◆ The problem:
The result should be all the records, exact and complete, without a single picture.

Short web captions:
BEGIN

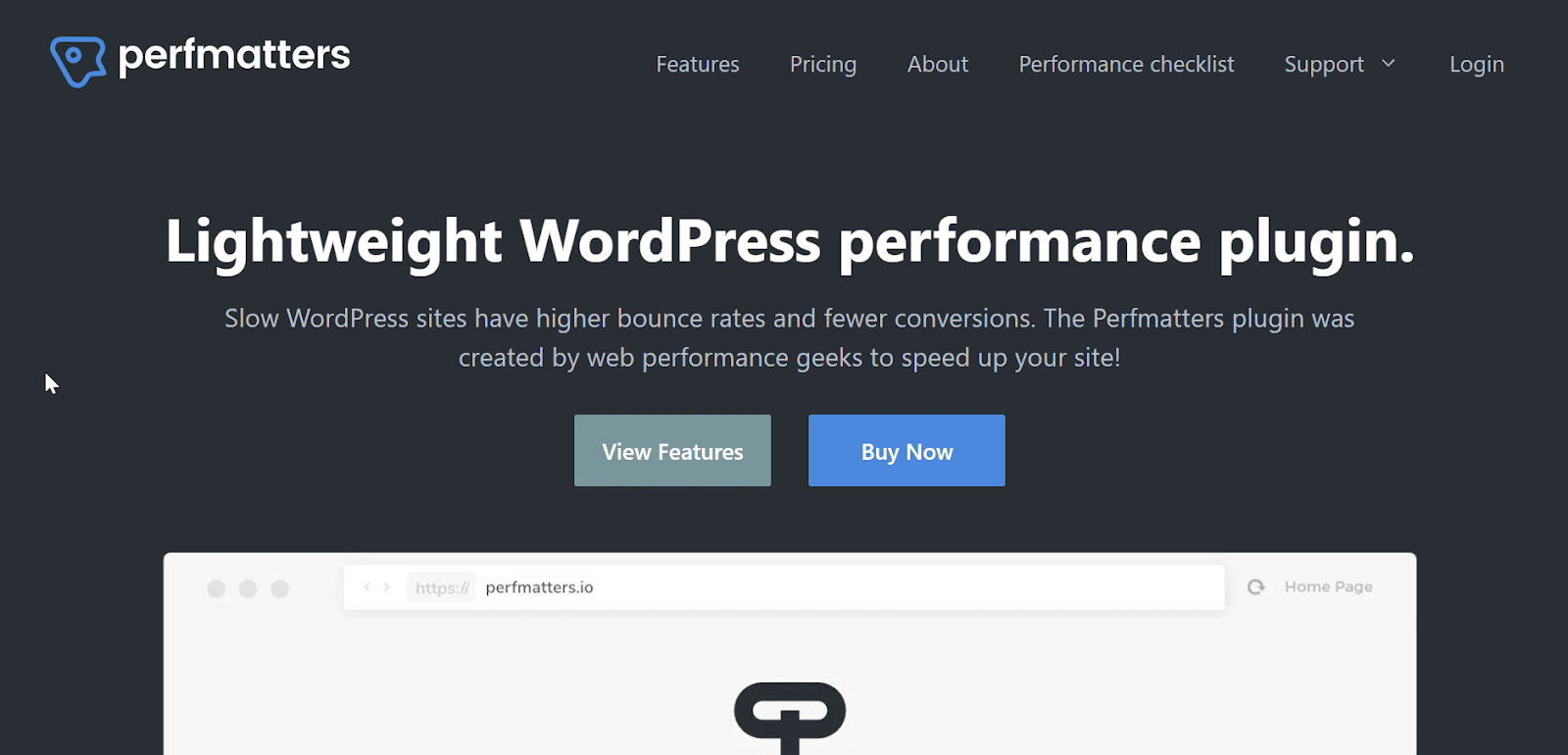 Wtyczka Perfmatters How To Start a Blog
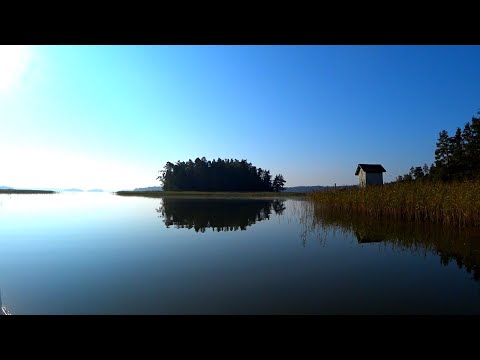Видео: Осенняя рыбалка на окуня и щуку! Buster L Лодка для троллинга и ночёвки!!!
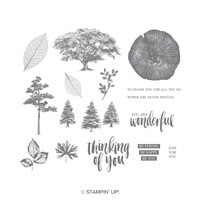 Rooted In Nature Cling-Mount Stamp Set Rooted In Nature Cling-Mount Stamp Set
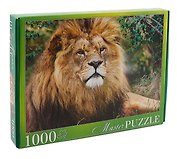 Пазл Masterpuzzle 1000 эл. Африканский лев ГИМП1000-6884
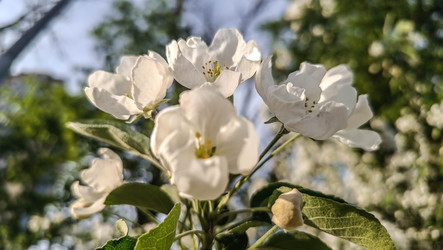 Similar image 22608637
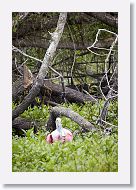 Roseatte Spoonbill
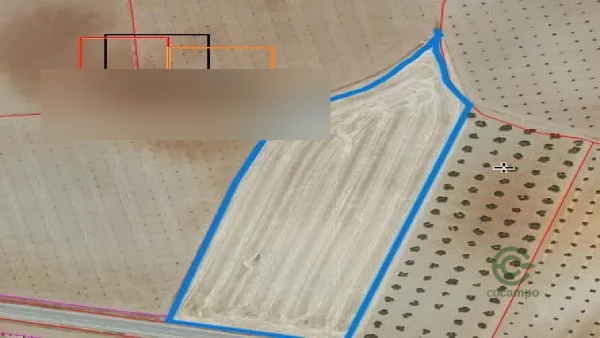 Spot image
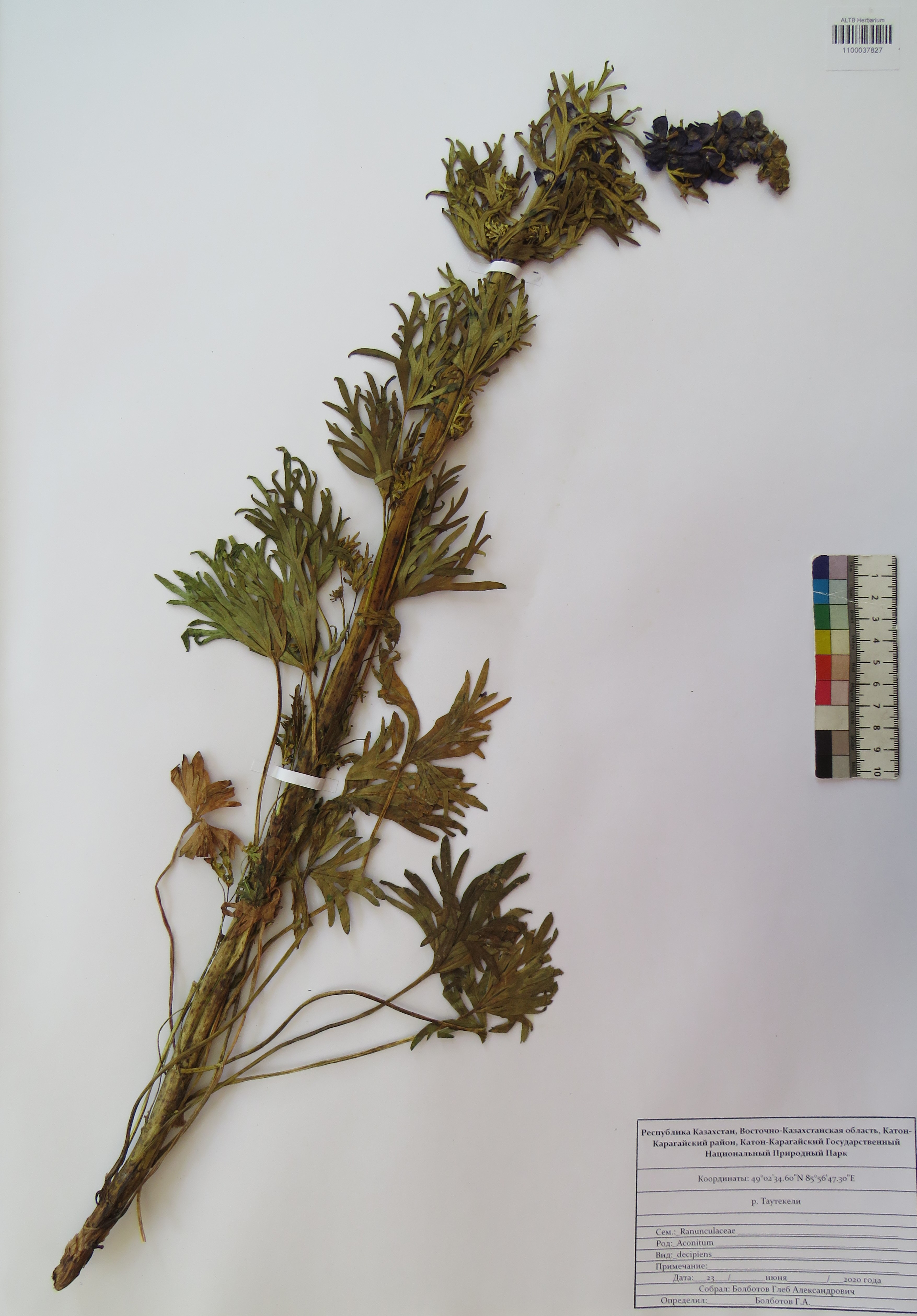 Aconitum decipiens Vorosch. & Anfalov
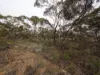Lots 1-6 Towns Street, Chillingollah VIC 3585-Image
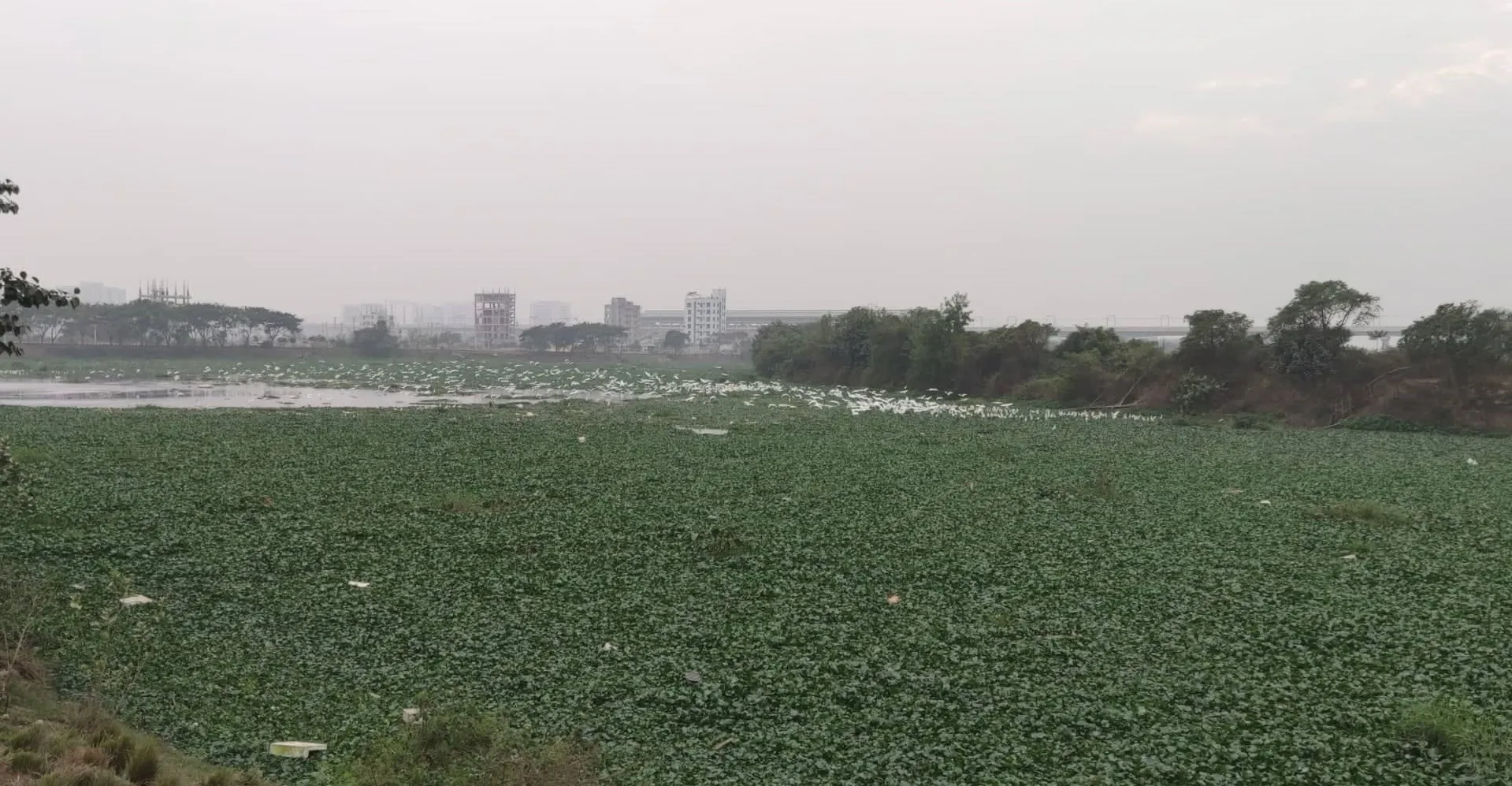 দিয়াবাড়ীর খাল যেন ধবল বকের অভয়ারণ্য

END

◆ Response to the task:
 Wtyczka Perfmatters How To Start a Blog
Видео: Осенняя рыбалка на окуня и щуку! Buster L Лодка для троллинга и ночёвки!!!
 Rooted In Nature Cling-Mount Stamp Set Rooted In Nature Cling-Mount Stamp Set
 Пазл Masterpuzzle 1000 эл. Африканский лев ГИМП1000-6884
 Similar image 22608637
 Roseatte Spoonbill
 Spot image
 Aconitum decipiens Vorosch. & Anfalov
Lots 1-6 Towns Street, Chillingollah VIC 3585-Image
 দিয়াবাড়ীর খাল যেন ধবল বকের অভয়ারণ্য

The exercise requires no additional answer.